L’activité économique du Pérou, l’une des plus solides d’Amérique latine, a connu une croissance de 3,9% en 2016, profitant d’une production record dans le secteur minier (cuivre, argent et fer), l’un de ses principaux moteurs.
Pour 2017, le gouvernement a dû revoir à la baisse ses prévisions officielles de croissance, à 3,8%, à cause du scandale de corruption Odebrecht, le géant brésilien du BTP qui a soudoyé hommes politiques et fonctionnaires dans plusieurs pays d’Amérique latine. A la clé, un impact négatif sur l’économie du Pérou: plusieurs projets attribués au groupe doivent en effet être vendus ou soumis à nouveau à appel d’offres.
– ‘Affecter les exportations’ –
Le pays andin est le deuxième producteur d’argent, le troisième de cuivre et le cinquième d’or. En 2016, l’ensemble de ses exportations a cru de 7,6%, avec 1,7 milliard de dollars d’excédent commercial à la clé.
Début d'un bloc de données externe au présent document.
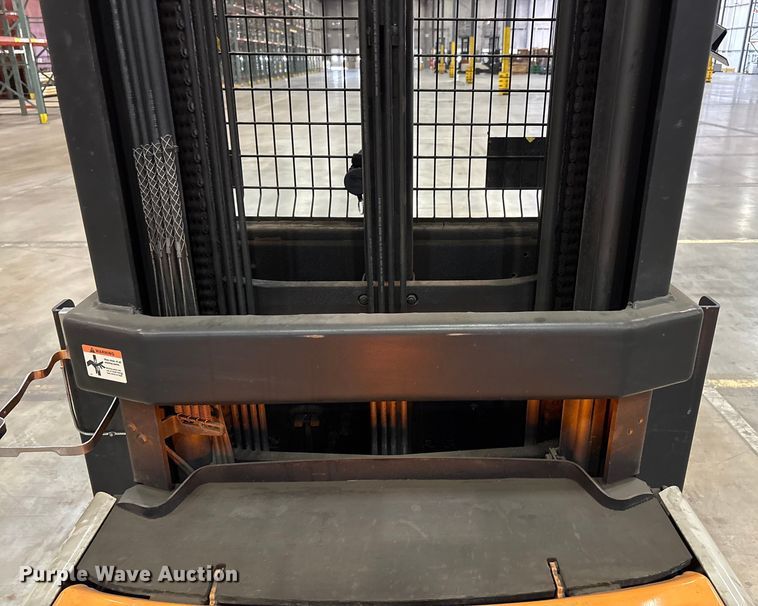 image for item EU4532 2018 Crown SP4050-30  order picker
Mais à l’heure actuelle, plusieurs routes et ponts sont coupés, ainsi que la principale voie de chemin de fer, par où transite la production minière vers les ports afin d’être exportée.
« L’infrastructure du chemin de fer central a subi d’importants dommages et nous allons avoir besoin de temps pour réparer (les voies) », a reconnu le ministre de l’Energie Gonzalo Tamayo.
Des interruptions des voies de communication qui pourraient « affecter les exportations », juge l’économiste Gonzalez Izquierdo.
A cause des problèmes d’approvisionnement, des rayons vides étaient visibles dans les supermarchés de certaines villes, comme à Trujillo, à 570 kilomètres au nord de Lima.
Par ailleurs, le Pérou, plus grand producteur mondial de farine de poisson, pourrait également être affecté par le réchauffement de l’océan le long de ses côtes, faisant fuir certaines espèces. Sans oublier que ses principales zones de pêche destinée à l’exportation se trouvent dans le nord, la région la plus touchée par les intempéries.
Certains spécialistes relativisent, en soulignant qu’après une catastrophe naturelle, on assiste à un effet rebond, grâce à la reconstruction des infrastructures.
Mais cela « ne fait que réparer les dommages (…) Une route dévastée est reconstruite. Mais vous n’avez pas deux routes, c’est toujours la même route », explique M. Izquierdo, qui conteste cette théorie.
Selon lui, si les pluies se calment et ne se poursuivent pas en avril, l’impact pourrait se limiter à 0,3 point de pourcentage du PIB. Mais si les intempéries continuaient, se pourrait être bien pire.